In large deformation analysis, two steps are involved in obtaining the linearized nonlinear equations. First, nonlinear equations of the structural system have to be derived via Lagrangian formulations. Second, the linearization of the nonlinear equations is required to solve nonlinear equations by an iterative method such as the arc-length control method. So far, traditional Lagrangian formulations, which are total Lagrangian formulation (TLF) and updated Lagrangian formulation (ULF), have been extensively used for deriving the nonlinear equation. Unlike two formulations of the above, new Lagrangian formulation was introduced and it was referred to as the ELF since the fundamental element serves as a deformation reference in ELF.⁷ It means that all equations governing a deformed body can be expressed with respect to natural coordinate systems. For the large deformation analysis of shells, the expression of rotations plays an important role to define a proper position of shell normal vector. In this study, three successive finite rotations are introduced since the drilling degree of freedom is used for the present shell element.^27,28

The objective of this research work is the development of a finite element for geometrically nonlinear shells with emphasis on the generality, robustness, and efficiency. The proposed element is a nine-node Lagrangian-type degenerated shell element. The element is based on the refined first-order shear deformation theory, and therefore is independent of the need of any shear correction factors. In the element formulation, an appropriate strain interpolation is employed to avoid both the shear and the membrane locking phenomena. Also, a suitable scheme is pursued for the expression of the rotational degrees of freedom so that the limitation on magnitude of the rotational increment in each load step can be removed. A full Gauss integration scheme is applied for the evaluation of the torsional stiffness.

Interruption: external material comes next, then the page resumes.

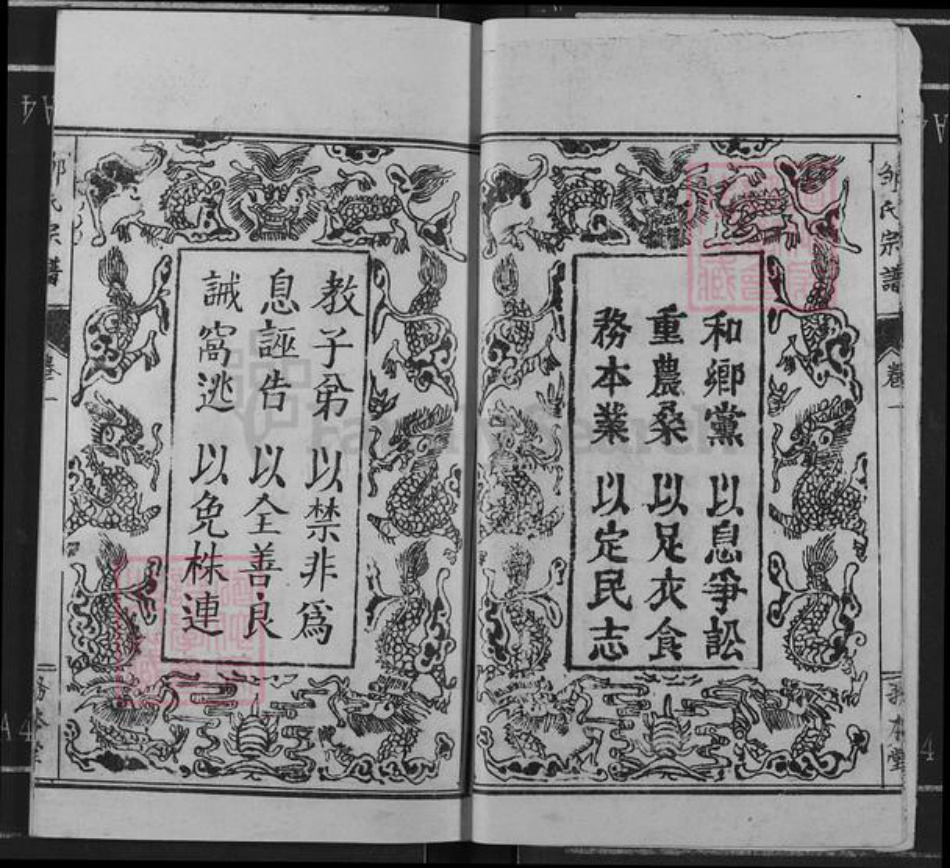湖北省黄冈市罗田县邹氏务本堂族谱-邹氏宗谱.pdf电子版插图5 湖北省黄冈市罗田县邹氏务本堂族谱-邹氏宗谱.pdf电子版插图5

The proposed formulation is computationally efficient and the test results showed good agreement. More specifically, the numerical examples of annular plate presented herein show good validity, efficiency, and accuracy for the developed nonlinear shell element.

Geometry and kinematics of the shell element

In Figure 1, the geometry of a nine-noded shell element with 6 degrees of freedom is illustrated.

Figure 1.

Geometry of nine-node shell element with 6 degrees of freedom.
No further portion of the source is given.